There's certainly a stereotype that VA providers work at VA because they basically couldn't get a job anywhere else. Probably more so in the past, and maybe more with non-MH providers. With MH (and specifically psychologists), my experience has generally been the opposite, but as with any large institution, it definitely rang true in a few situations.

That said, it is really difficult to get fired from VA. And as much as we complain about the level of oversight, the productivity expectations, etc., they are generally less intense/invasive than many other medical systems.
My experience with some MSAs and office staff is the stereotype is true. Then again, for many jobs in the VA there are no standard qualifications. The reality for MH is that I have not seen a health system that pays better overall.


That's my experience as well. Psychologist positions at VAs seem pretty competitive in more geographically desirable areas, especially for grads of unfunded programs hoping to get EDRP, PSLF, or other loan forgiveness. Those VAs have the luxury to be more selective when it comes to hiring psychologists, so the multiple VAs I've trained at seem to have quality psychology staff.
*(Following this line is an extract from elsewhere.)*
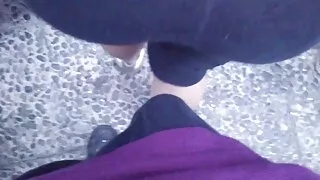 გოგონა sucked კაცი წყლის ქვეშ და fucked მისი pussy შემდეგ კუნილინგუსი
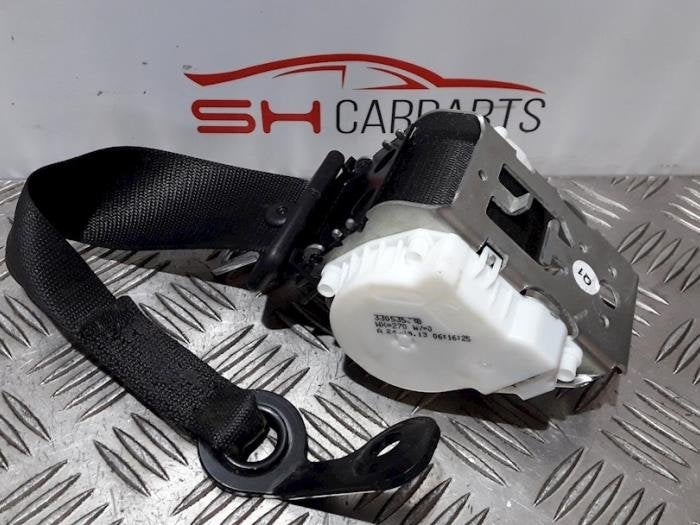 Ceinture de sécurité arrière centre d'un Mercedes C-Klass, Autos : Pièces & Accessoires, 3 mois de garantie, Utilisé, -, -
The midlevels seem to have the same problems as any other institution and the office staff are pretty bad. I know someone who was choked by a coworker at the VA and admin just moved the offender to a different department with zero other disciplinary action. The only thing that probably would have changed that outcome is if the victim filed criminal charges, which would have forced their hands.
 
I've seen MMPI results disappear that a seasoned psychologist administered after 6 months of treatment for baseline that did not align with a diagnosis given in 5 minutes by a social worker in charge, and colleagues yelling at patients for not agreeing with them. Social workers yelling at psychologists and psychiatrists changing medication on a social worker's "orders."
 
The only thing worse than a lazy diagnostician is a biased one. I do a lot of document review and have seen all sorts of trash Dxs, especially in the workers comp (WC) system. I’ve picked up a bunch of WC referrals bc I’ll review a treatment plan and treatment progress and provide recs…including doing differential diagnosis to correct trash Dxs. I’ll list out the required Dx criteria & how each one has or has not been met. It’s not rocket surgery, but it sure helps curb-stomp the trash Dxs floating out there.

The lack of rigor and lack of knowing the basics in documentation usually jumps off of the page of a review. Bipolar v BPD and adjustment disorder w anxiety v “anxiety” v PTSD are two of the most common. Their incompetence makes my reviews easier, but those providers are commonly failing their patients. They are largely midlevel providers, but still too many psychologists and psychiatrists who should know better.
 
The only thing worse than a lazy diagnostician is a biased one. I do a lot of document review and have seen all sorts of trash Dxs, especially in the workers comp (WC) system. I’ve picked up a bunch of WC referrals bc I’ll review a treatment plan and treatment progress and provide recs…including doing differential diagnosis to correct trash Dxs. I’ll list out the required Dx criteria & how each one has or has not been met. It’s not rocket surgery, but it sure helps curb-stomp the trash Dxs floating out there.

The lack of rigor and lack of knowing the basics in documentation usually jumps off of the page of a review. Bipolar v BPD and adjustment disorder w anxiety v “anxiety” v PTSD are two of the most common. Their incompetence makes my reviews easier, but those providers are commonly failing their patients. They are largely midlevel providers, but still too many psychologists and psychiatrists who should know better.
What happens to these providers after this sort of IME review and report?
 
What happens to these providers after this sort of IME review and report?

If it's anything like here, nothing. Most of these people get work purely because they will throw out trash diagnoses, especially in the PI IME world.